1.とてもシンプルな問い 

 この文章は、これまで自分の考えてきたことを一つにまとめたものである。
 言うまでもなく、個人の思想、発言、文章は、「思想・良心(信条)の自由」(日本国憲法第19条)、「信教の自由」(20条)、「言論の自由」(21条)に当てはまるもので、同時に、国際人権規約の「自由権」にも重複する基本的人権であるということを理解してもらいたい。

 まず、脱会に際して少なからず関係のある者には自分の考えをはっきり伝えておいた方が、あらぬ憶測がひとり歩きするよりは、まだ良いだろうと考えた。
 断っておくが、この文章に対する反論も返答も必要としないし、議論をしたいわけでもない。ただ、いま言った、基本的人権からなる「多様な考えかたを認める」というごく当たり前のことだけが主張であるということだけ強調しておき話しを進めたい。
 しかし、ここで大きな問題点が浮上する。どういうことか。基本的人権からなる「多様な考えかたを認める」ということは、創価学会の教えの根本である<折伏>に反することになるのではないか、という疑問である。長くなるので先に結論を述べることにしよう。

 創価学会の根本の信心とは、<折伏>と<広宣流布>であるといって異論はないだろう。個人レベルでの<折伏>、そして、組織レベルでの<広宣流布>、どちらも創価学会の教えを広める行為という意味合いにおいて一致する。

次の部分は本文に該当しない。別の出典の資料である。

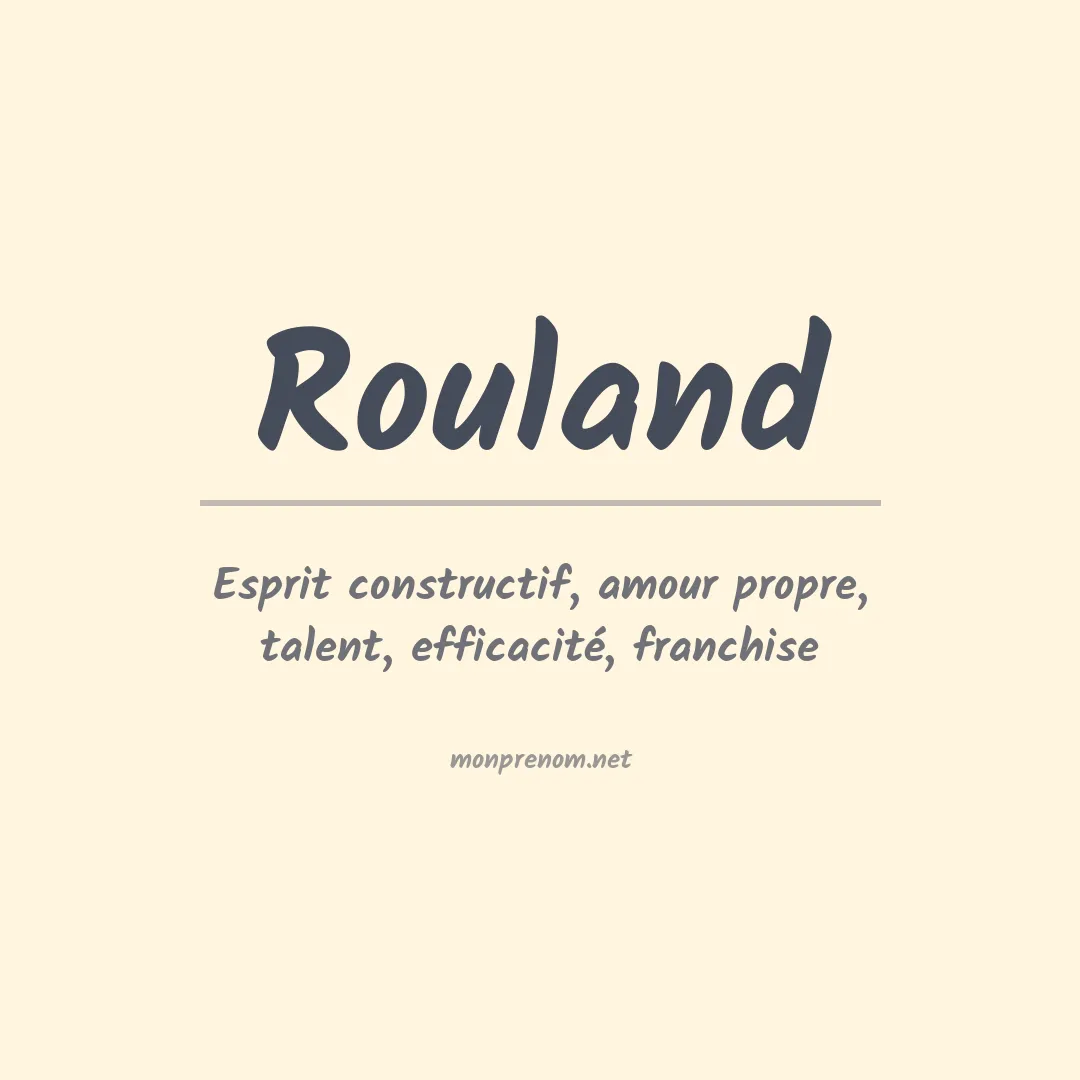 Signification du Prénom Rouland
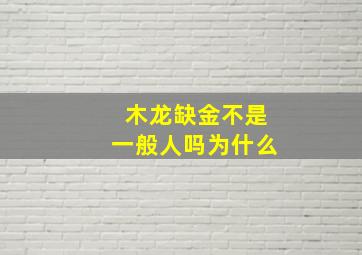 木龙缺金不是一般人吗为什么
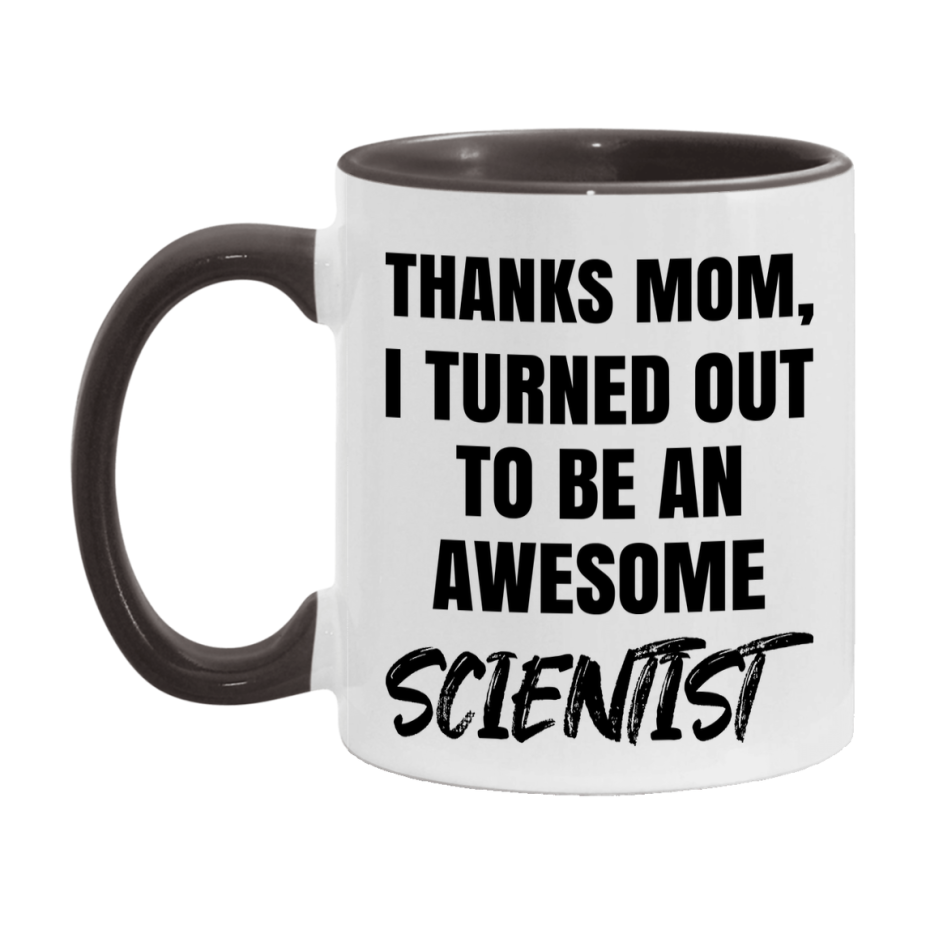 Scientist Gift For Mom Mug, Funny Mom Gift, 11Oz Or 15Oz White Ceramic Coffee Cup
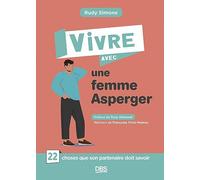 Vivre avec une femme Asperger: 22 choses que son partenaire doit savoir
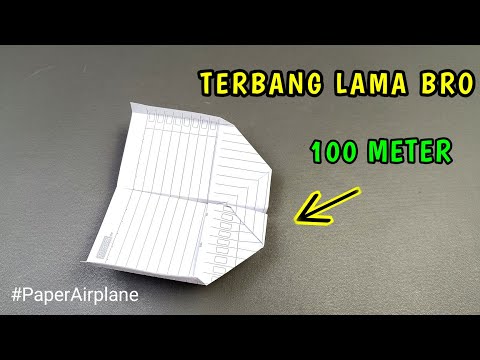 Cara Membuat Pesawat Dari Kertas Terbang Lama ,Jauh Dan Tinggi - Paper Plane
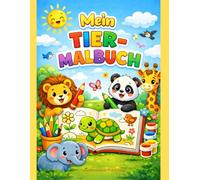 Mein Tiermalbuch: Ein buntes Kinder-Malbuch mit 40 Tieren zum Ausmalen, perfekt für Kindergartenkinder und Vorschüler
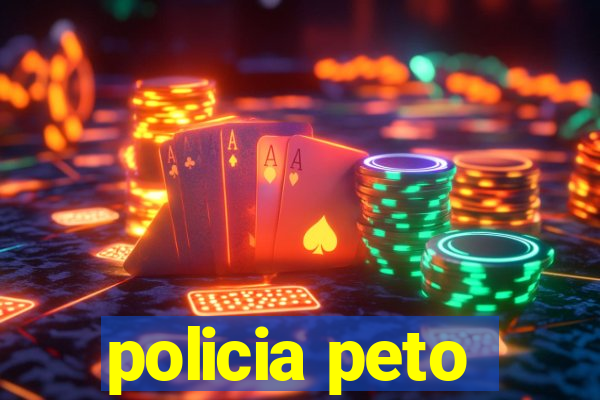 policia peto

双方を大きく括り、「対話」とも呼んでいる。

 <折伏>とは、かんたんに言えば、創価学会の思想は唯一無二なので、それ以外の考えはすべてまちがった思想であるがゆえに、学会の考えと異なれば強い態度でそれを否定し、学会の教えのみがこの世の絶対的真理であると熱く説き、入信へと導く精神である。
 そして、<広宣流布>とは、創価学会の教えを全世界に広め続けることのみが唯一の世界平和の道であり、その闘いに勝利することが真の幸福への道である、と扇動的に説く教えである。

 上記で述べたように、創価学会の思想とは、「思想・良心の自由」を認めよう、多様性を認めよう、という人間の根本的な条件を守る基本的人権の対極に位置する思想なのではないのか、という疑問が湧いてくるのを理解できるだろうか。

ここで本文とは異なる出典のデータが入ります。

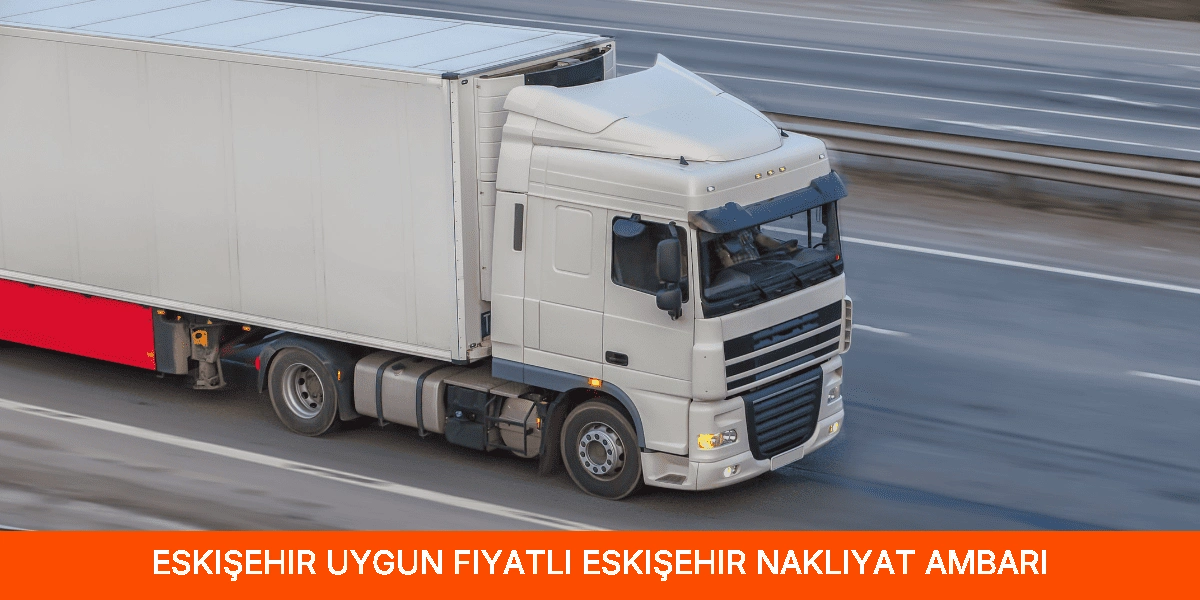 Uygun Fiyatlı Eskişehir Nakliyat Ambarı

 大事なところなので繰り返そう。<折伏>とは端的に言ってしまえば、「他人の意見を全否定して、創価学会の教えをゴリ押しする信仰」であると言えるのであれば、基本的人権である「思想・良心の自由」を侵していると解釈できる。
 また、<広宣流布>は、創価学会の教えを全世界、全民族まで広めようとする行為であり、これを突き詰めれば結局のところ、他の宗教は淘汰されてしかるべき、という思想に行き着いてしまう。こういった思想ではとうぜん、「多様性を認める」思想とは正反対の、「単一的な思想」へと向かうことになる。よって、基本的人権である「自由権」を侵しかねない行為であると言えるだろう。
 この二律背反(矛盾)をどう受け止めればよいのか自分にはさっぱりわからない。大きな結論はたったこれだけである。

 「多様な思想を認める」寛容さがあるのであれば、創価学会の根本の思想であるとされる<折伏>は意味を成さないし、<広宣流布>は絵空事にしかならない。このアンチノミーパラドックス)に誰がどのように答えうるのだろうか。
 この論点ですでに話しが噛み合いそうになければ、ここで読み終わることをお勧めする。